Hal ini, sambung Rismon, perlu dilakukan demi meningkatkan kepercayaan publik terhadap Polri.
“Kebenaran ilmiah itu tidak absolut, tidak hanya milik Anda (Bareskrim). Harus siap diuji oleh pihak lain demi memberikan public trust, itu poinnya,” tuturnya.
Rismon mengatakan usulannya itu perlu dilakukan karena dirinya masih ragu atas hasil temuan dari Bareskrim Polri, khususnya terkait skripsi Jokowi.
Pasalnya, berdasarkan bukti skripsi Jokowi yang diperlihatkan kepadanya saat mengunjungi UGM beberapa waktu lalu, Rismon menganggap teknologi tulisan yang dicetak tidak mungkin dibuat pada tahun 80’an.
Rismon mengatakan dirinya semakin yakin bahwa skripsi Jokowi tidak dibuat pada tahun 80’an ketika dibandingkan dengan tiga skripsi di tahun yang sama.
Dia meyakini skripsi Jokowi dibuat pada tahun 2004 ketika perusahaan software, Microsoft, meluncurkan Windows XP.

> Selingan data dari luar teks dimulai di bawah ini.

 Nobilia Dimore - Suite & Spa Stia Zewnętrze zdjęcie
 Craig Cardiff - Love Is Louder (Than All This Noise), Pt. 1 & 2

“Seperti tadi itu, beberapa nama itu Sri Dominingsih, Lembah Edianto, Sigit Hariwinarto, itu teknologi percetakannya yaitu (skripsi) pakai Windows XP,” tuturnya.
Selain itu, Rismon juga mempertanyakan kesimpulan Bareskrim Polri bahwa skripsi Jokowi dicetak dengan teknik hand press.
Rismon meragukan terkait kesimpulan tersebut karena ketikan tanda titik dalam skripsi Jokowi dianggapnya terlalu rapi untuk ukuran teknologi pada tahun 1980-an.
“Bagaimana Dirtipidum yang menjelaskan, coba perhatikan kerapatan (font) titik (di skripsi Jokowi), itu titiknya rapat. Bagaimana cara membuat hand press seperti itu? Tidak mblebor. Bagaimana menyusunnya?” ujar Rismon.
Rismon menuturkan jika memang skripsi Jokowi dicetak dengan teknik hand press, maka seharusnya font yang tercetak tidak rapi seperti teknik cetak modern yaitu ink jet atau laser jet.
Pasalnya, menurut temuan Rismon, skripsi Jokowi khususnya di lembar pengesahan, font yang digunakan sangat rapi dan diduga bukan dicetak secara hand press.
“Bagaimana menata font-nya itu titik-titik, terus di press? Nggak blebor tuh. Terus, ketika kita zoom, hand press itu karakternya atau fontnya itu blebor ke arah tekstur kertas tersebut. Jadi seperti berambut ketika kita zoom.”
“Bukan produk ink jet atau laser jet yang injeksinya sangat nanometer atau milimeter,” jelas Rismon.